Understanding CLIP image pipeline
Visualize image preprocessing steps and builds a pytorch custom Dataset to map image into embedding
This post builds on top of the my flicker 8k exploratory analysis post.
import os
# sample images to use in this post
relevant_image_names = [
'2610447973_89227ff978.jpg',
'3071676551_a65741e372.jpg',
'3365783912_e12c3510d8.jpg',
'3589367895_5d3729e3ea.jpg'
]
os.environ["IMG_DIR"] = "data/2021-10-22-understanding-clip-image-pipeline"
import clip
model, preprocess = clip.load("ViT-B/32")
We can take a look into the image pre-processing pipeline.
preprocess
The CLIP preprocessing pipeline assumes we have a PIL image as input, so that is what we will use to load images here.
from PIL import Image
images = [Image.open(os.path.join(os.environ["IMG_DIR"], image_file_name)) for image_file_name in relevant_image_names]
import matplotlib.pyplot as plt
def plot_pil_images(images):
assert len(images) == 4, "Number of images should be equal to 4"
fig = plt.figure(figsize=(10, 10))
for idx, image in enumerate(images):
sub = fig.add_subplot(2,2,idx+1)
imgplot = plt.imshow(image)
plt.tight_layout()
plot_pil_images(images)
Resize the image so that the smaller of height and width have size 224.
preprocess.transforms[0]
processed_images = [preprocess.transforms[0](image) for image in images]
The effect is hard to note by just looking at the images as the proportion of the images continues to be the same, but it is easy to see when we print the size of the tensors below.
plot_pil_images(processed_images)
from torchvision.transforms import ToTensor
for idx, (original_image, processed_image) in enumerate(zip(images, processed_images)):
print("Image {}:\nOriginal size: {}\nProcessed size:{}\n".format(idx+1, ToTensor()(original_image).shape, ToTensor()(processed_image).shape))
Crop the center of the image such that the resulting images has size (224, 224)
preprocess.transforms[1]
processed_images = [preprocess.transforms[1](image) for image in processed_images]
plot_pil_images(processed_images)
preprocess.transforms[2]
This transform convert the image to RGB model.
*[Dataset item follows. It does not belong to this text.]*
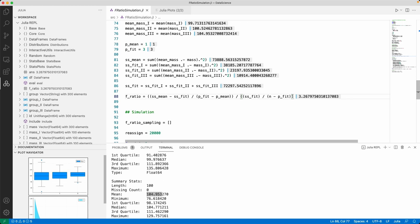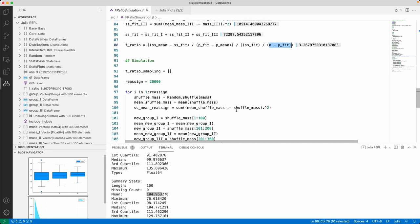If you've looked at textbooks or tables before, you'll have seen an F statistic. That's going to fall somewhere on that F distribution plot we saw, specifically for the two parameters. And if you ever wondered where those two parameters come from, they're right there: (p_fit − p_mean) and (N − p_fit) — as simple as that.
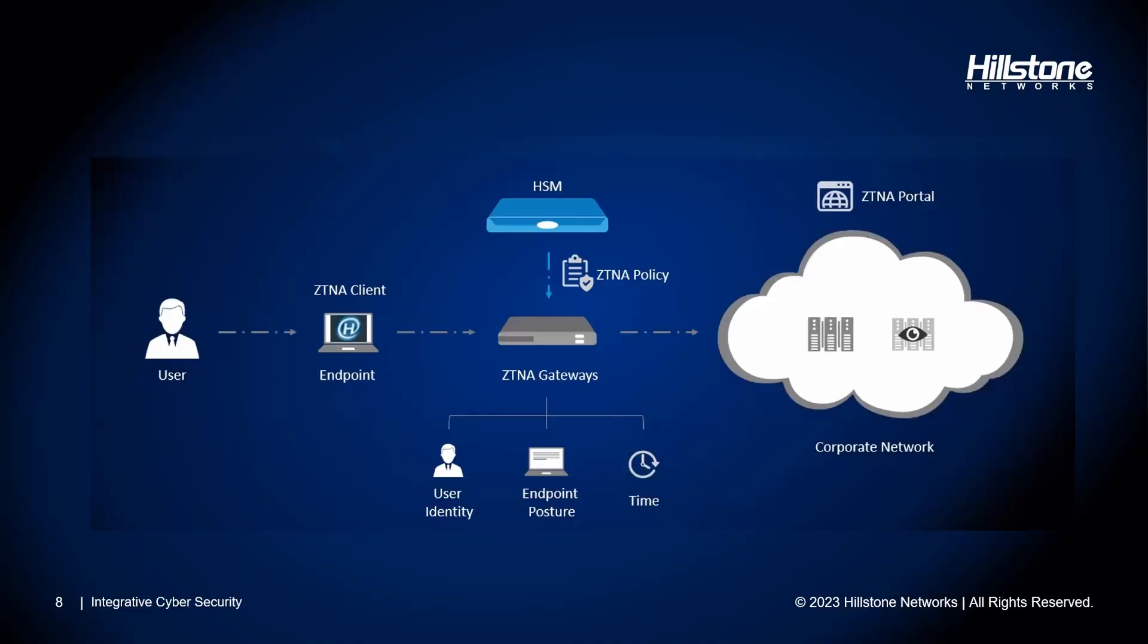Welcome. This video will demonstrate centrally managing and deploying ZTNA policy packages using the Hillstone Security Management Platform.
Since the images are already formatted with RGB encoding we will not see any difference.
from torch import equal
equal(ToTensor()(preprocess.transforms[2](processed_images[0])), ToTensor()(processed_images[0]))
But we will apply this transform for completeness:
processed_images = [preprocess.transforms[2](image) for image in processed_images]
preprocess.transforms[3]
processed_images = [preprocess.transforms[3](image) for image in processed_images]
We now have tensors:
print([x.shape for x in processed_images])
Normalize will subtract the mean and divide by the standard deviation. The is one mean and one standard deviation for each of the three channels available.
preprocess.transforms[4]
processed_images = [preprocess.transforms[4](image) for image in processed_images]
After the normalization the processed images are quite different from the original images.
from torchvision.transforms import ToPILImage
plot_pil_images([ToPILImage()(x) for x in processed_images])
Stack the four processed images on top of each other.
import numpy as np
import torch
device = 'cuda' if torch.cuda.is_available() else 'cpu'
image_input = torch.tensor(np.stack(processed_images)).to(device)
image_input.shape
Generate the image vectors. Each vector have 512 elements.
with torch.no_grad():
image_features = model.encode_image(image_input).float()
image_features.shape
Use unsqueeze(0)
if you want to apply the encoder to one image as it expected a 4D Tensor.
with torch.no_grad():
image_features = model.encode_image(processed_images[0].unsqueeze(0))
image_features.shape
Create a custom Dataset that loads an image and optionally apply a transform function to it.
import os
import glob
from torch.utils.data import Dataset
class ImageDataset(Dataset):
def __init__(self, img_dir, transform=None):
self.img_dir = img_dir
self.image_file_names = glob.glob(os.path.join(img_dir, "*.jpg"))
self.transform = transform
def __len__(self):
return len(self.image_file_names)
def __getitem__(self, idx):
image_file_name = self.image_file_names[idx]
image = Image.open(image_file_name)
if self.transform:
image = self.transform(image)
return image
Here is how it looks without applying and transform
function to it:
image_dataset = ImageDataset(img_dir=os.environ["IMG_DIR"])
Each iteration returns one of the original images:
next(iter(image_dataset))
image_dataset = ImageDataset(img_dir=os.environ["IMG_DIR"], transform=preprocess)
It returns the processed Tensor when we apply the preprocess pipeline:
next(iter(image_dataset)).shape
def from_image_to_vector(x, process_fn):
with torch.no_grad():
image_features = model.encode_image(process_fn(x).unsqueeze(0))
return image_features
image_dataset = ImageDataset(
img_dir=os.environ["IMG_DIR"],
transform=lambda x: from_image_to_vector(x, process_fn=preprocess)
)
Now the dataset returns a 512-dimensional vector associated with a specific image.
next(iter(image_dataset)).shape
from torch.utils.data import DataLoader
image_dataloader = DataLoader(image_dataset, batch_size=64, shuffle=False)